* PROBLEM STATEMENT
Return the listing exactly. Keep no pictures.

* COLLECTED DATA
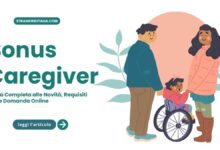 Bonus Caregiver 2025 Guida Completa alle Novità, Requisiti ISEE e Domanda Online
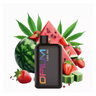 VAPE DE CBD DESECHABLE MARCA OPIUM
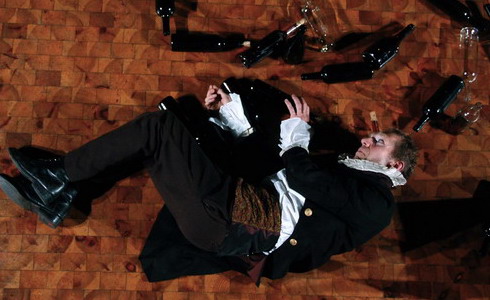 Rottenhammer Wunderkammer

* ANSWER TO THE PROBLEM
 Bonus Caregiver 2025 Guida Completa alle Novità, Requisiti ISEE e Domanda Online
 VAPE DE CBD DESECHABLE MARCA OPIUM
 Rottenhammer Wunderkammer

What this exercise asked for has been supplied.